For a foreign lender which is a non-Taiwan resident or a profit-seeking enterprise without a fixed place of business in Taiwan, the withholding tax rate for interest applicable to a corporate borrower is 20%; but if the interest derives from short-term commercial papers, securitised instruments, government/corporate/financial institution bonds or conditional transactions, the withholding tax is 15%. Moreover, most of the tax treaties provide for a reduced income tax withholding rate of 10%. Taiwan has signed tax treaties with 33 jurisdictions: Australia, Austria, Belgium, Canada, the Czech Republic, Denmark, Eswatini, France, Gambia, Germany, Hungary, India, Indonesia, Israel, Italy, Japan, Kiribati, Luxembourg, North Macedonia, Malaysia, the Netherlands, New Zealand, Paraguay, Poland, Senegal, Singapore, Slovakia, South Africa, Sweden, Switzerland, Thailand, the United Kingdom and Vietnam.

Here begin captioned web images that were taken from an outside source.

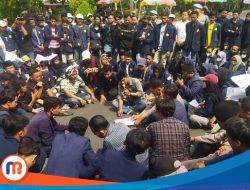 Bangkalan Berduka, Ratusan Mahasiswa UTM Gelar Demo dan Tahlil Bersama di Depan Kantor Polres Bangkalan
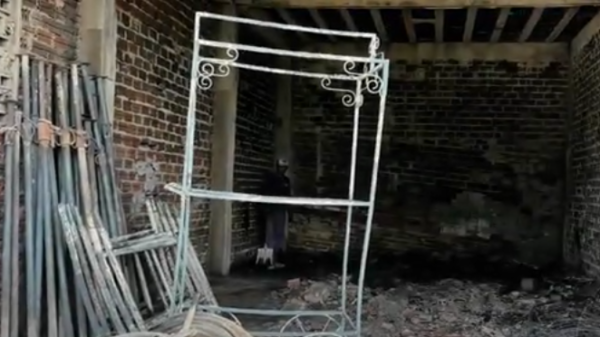 Garagem destruída após incêndio em Macaíba, com pneus queimados e metal retorcido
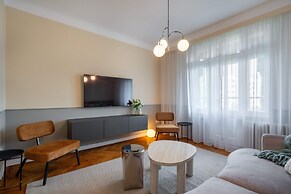 Romanian Athenaeum Flat - Refined 3BR Steps from Calea Victoriei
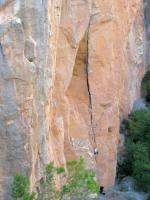 Escalada en Montanejos - Primera repetici�n: Primera repetici�n, frustrada, minutos despu�s de su equipamiento con parabolts.
Se me rompi� un canto y se me cerr� la mente. Una pena. Como su nombre indica, monstruosa. Me queda pendiente encadenarla.
Mi enhorabuena a Ram�n y Javi por el trabajo realizado.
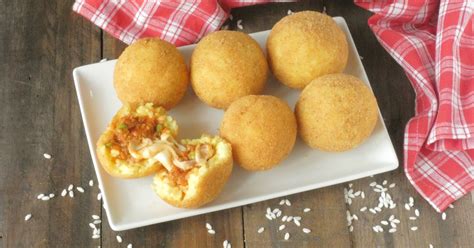 Arancini di riso al ragù di carne e piselli street food siciliano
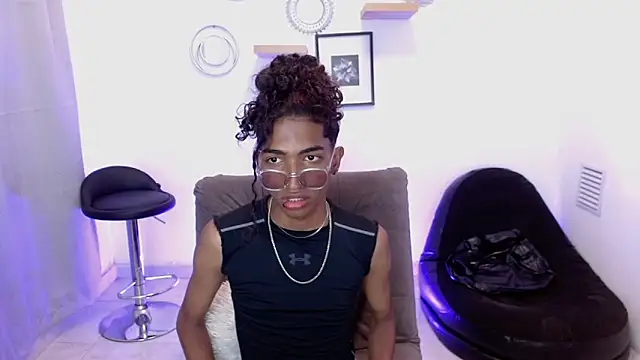 triiangel latinboy online show from 05.16.26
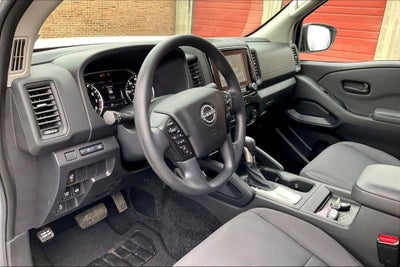 2024 Nissan Frontier S w/Tech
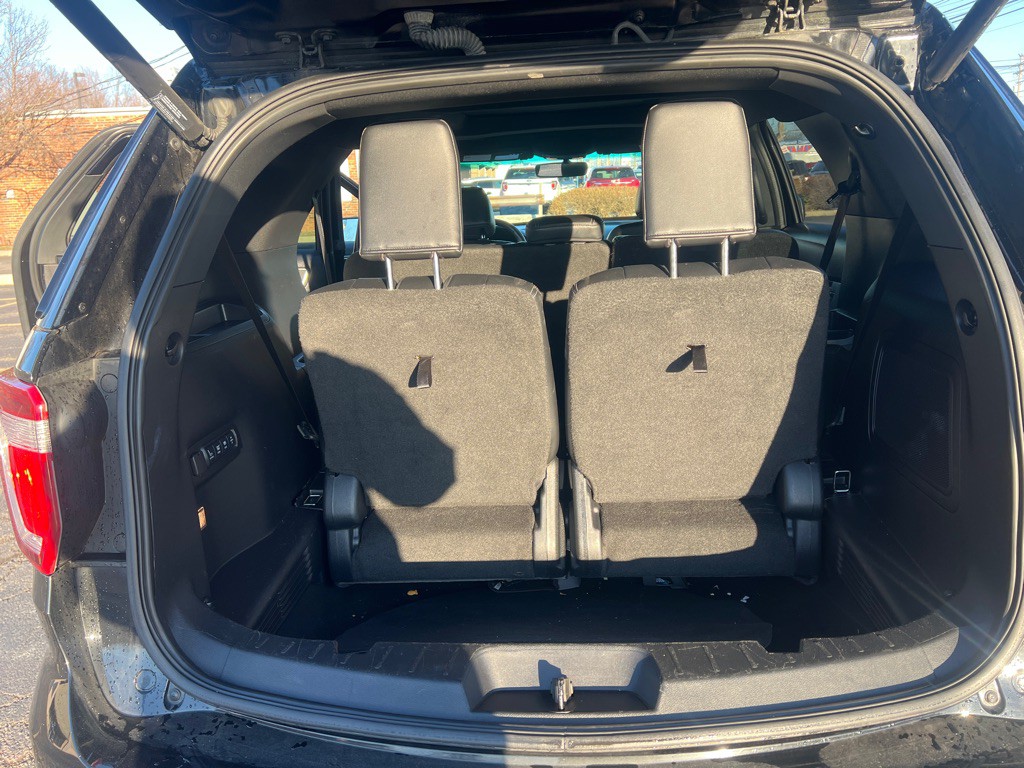 2016 Ford Explorer Image 19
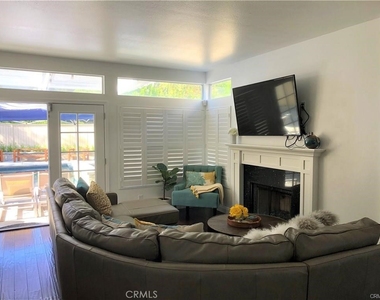 971 S Flintridge Way - Photo Thumbnail 7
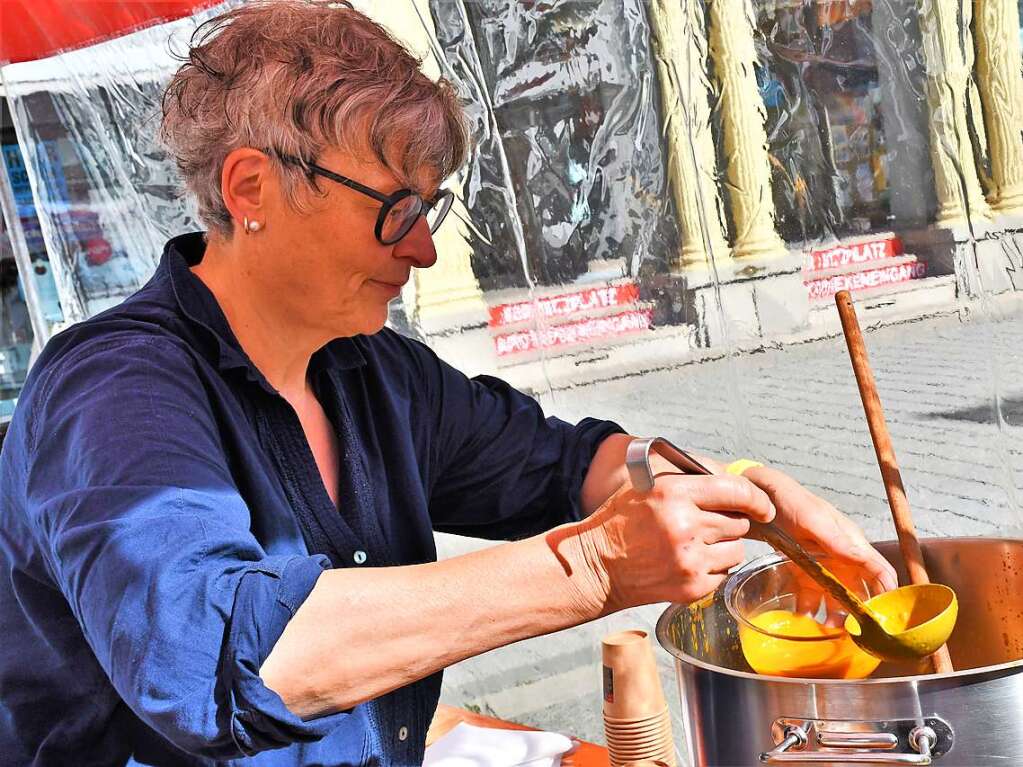 Die Besucherinnen und Besucher des Herbstfests genieen die Angebote in der Lrracher Innenstadt.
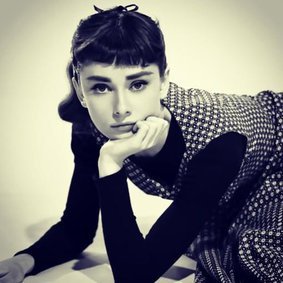Audrey Hepburn als junge Frau Audrey Hepburn als junge Frau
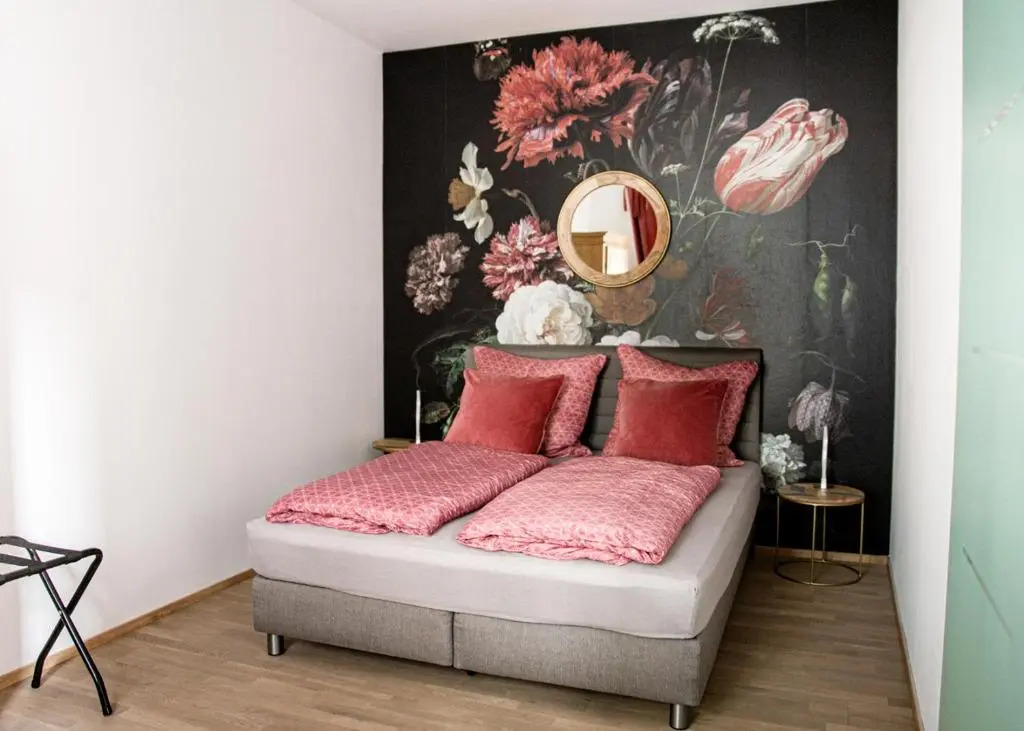 Moor Apartment 6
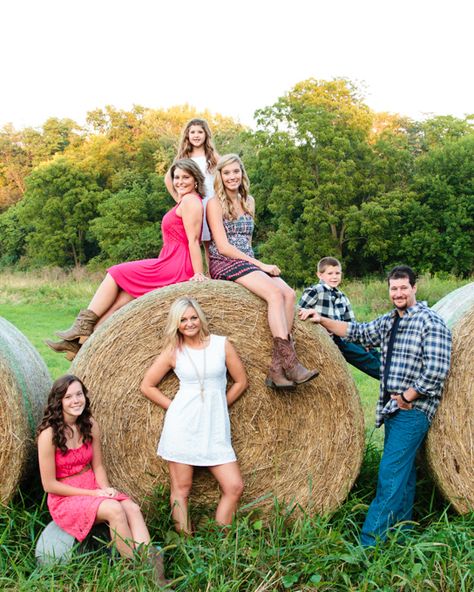 Family pictures, country, large family, hay bale Sabrina Walsh Photography Hay Bale Pictures, Senior Pic Poses, Country Family Photos, Farm Family Pictures, Large Family Pictures, Field Senior Pictures, Large Family Poses, Spring Family Pictures, Large Family Photos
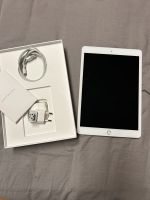 Apple IPad 7. Generation 128 GB Grau mit Ladekabel und Adapter Nordrhein-Westfalen - Simmerath Vorschau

Where the portion of the proceeds is to indemnify the principal of the loan made by the lender, it will not be subject to income tax. If the portion of the proceeds is to indemnify the default interest sustained by the lender, it may be subject to income tax. Moreover, if the proceeds include a penalty pursuant to an agreement between the lender and the borrower, that penalty will be subject to income tax unless the lender can prove that the penalty is to indemnify losses suffered by the lender.
No tax is applicable to foreign investments, loans, mortgages or other security documents for the purpose of their effectiveness or registration.